The Wolverine Stands Alone

With X-Men: Days of Future Past reportedly heading for the theaters with its time-travel themes [...]

With X-Men: Days of Future Past reportedly heading for the theaters with its time-travel themes intact, many fans have speculated to what extent The Wolverine would be used to bridge the gap between the events of X-Men Origins: Wolverine and any of the various other X-Men films in which star Hugh Jackman has appeared. The answer, apparently, is none at all.
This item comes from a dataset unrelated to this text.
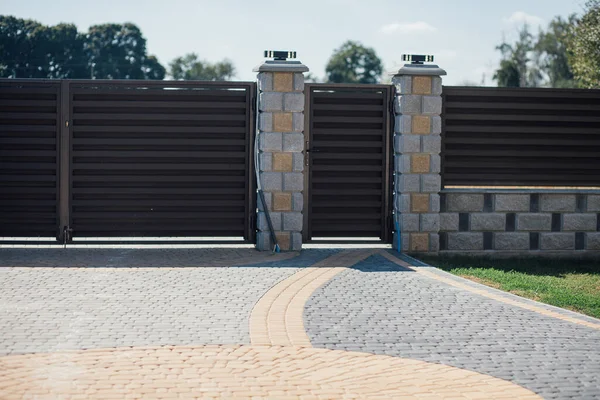 Yeni bir metal çitin parçası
Jackman told Total Film in a new interview currently on newsstands that the film will stand on its own--essentially like a little mini Christopher Nolan trilogy, that just happens to have the same star as the previously-existing films. "We've deliberately not called it 'Wolverine 2' because we want it to be placed and feel like a standalone picture," he said. "With an all-new cast and setting it in Japan, it's going to give us a whole new visual aesthetic." This wouldn't be particularly noteworthy if it were a comic book, of course--but in the movies, it's generally assumed that any movie starring the same actor is all part of the same overall continuity and X-fans have gotten pretty worked up already about the ways in which X-Men Origins: Wolverine and X-Men: First Class didn't seem to fit with the first three X-Men films. To discover that Fox may intentionally be developing films that have only a tenuous link to existing continuity is an intriguing prospect--and one that's likely to be controversial. Jackman added, "The approach to character means we won't be overloaded with mutants and teams and the like, so it'll be more character-based. I think in many ways it will feel like a completely different X-Men film." This is probably the most common-sense approach to The Wolverine. It's based on fan- and critic-favorite comic books that nevertheless don't really tie in easily to the larger X-Men story, and so to set it up as a film that stands on its own merits and has to succeed or fail without really being considered as part of the larger X-tapestry is probably the best way to keep it true to its source material.